According to the U.S. Energy Information Administration (EIA), by the year 2040, the cost of energy in the U.S. will increase by 25% to 75%, depending on the energy source. Overall business expenses are expected to follow the same trend.
How, then, will companies continue to remain profitable? There are two ways to maintain profits in a world of increasing cost: either by reducing total costs, or increasing total sales. The latter comes with no guarantee, but implementing cost-saving practices is quantifiable and achieves results. When the need to reduce costs arises, it is counterintuitive to invest in utility management infrastructure. However, delaying the investment doesn’t just delay returns; the cost to invest will also increase.
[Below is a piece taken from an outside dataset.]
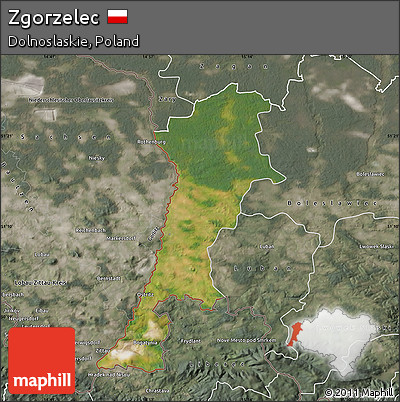 Satellite Map of Zgorzelec, semi-desaturated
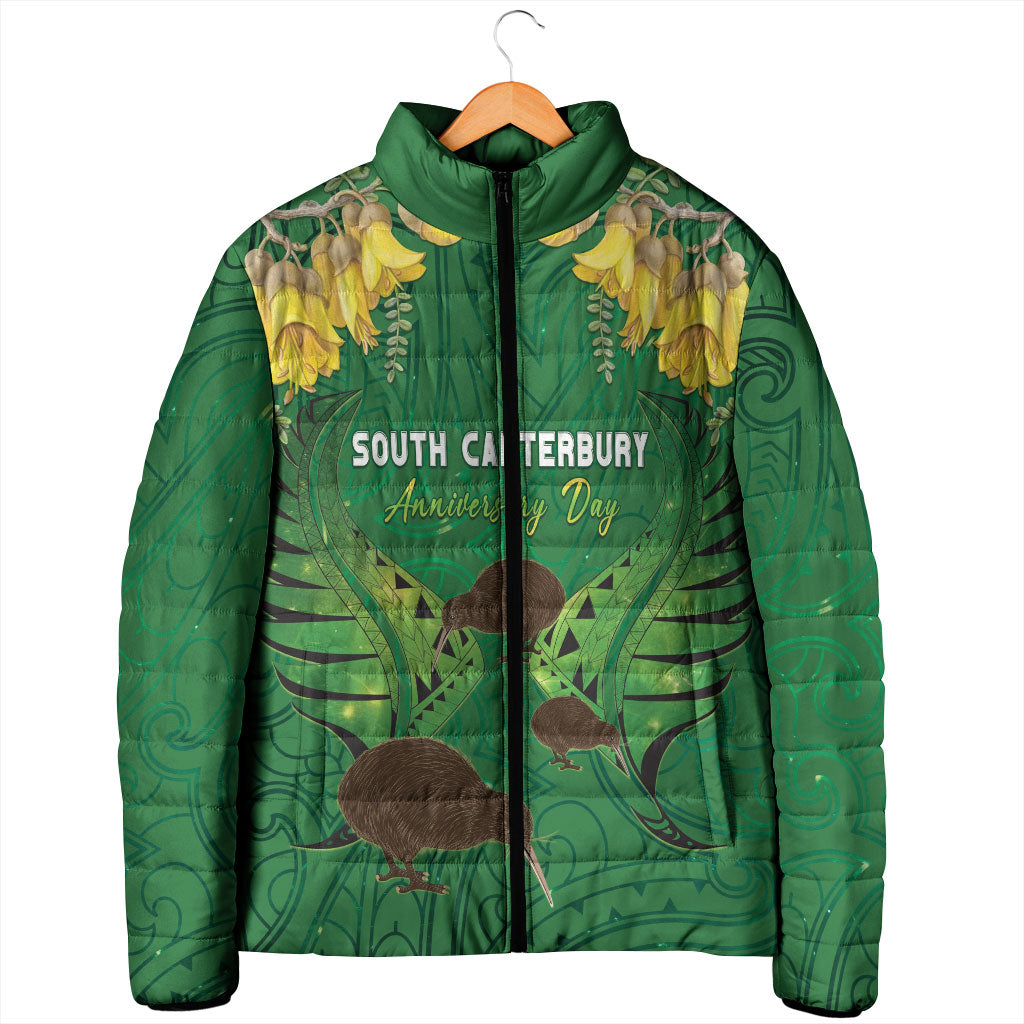 Personalised South Canterbury Anniversary Day Padded Jacket Kiwi Kowhai Silver Fern Maori Pattern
A large American multinational retail corporation that operates a chain of department stores is often used as an example of utility management savings, illustrated in the chart below. If the company was to invest in utility management for its 1,100 stores that average over 150,000 square feet each, it could save up to two billion dollars this year. In order to obtain the same net profit, the company would need to sell 250 million dollars of product, at 20% GP per year, for the next 25 years.
According to the EIA, over half of the electrical power consumed by commercial buildings is wasted. Various Utility Management Specialists estimate that many businesses can reduce energy consumption by 20% by simply using energy efficient products can economically reduce energy waste. As illustrated below, the EIA estimates that in upcoming years, total commercial electrical consumption will decrease by 13% while the cost of power will increase approximately the same amount.
Business costs are reduced through the use of various energy management solutions. And, as one might expect, lowering cost directly correlates to an increase in profit margin.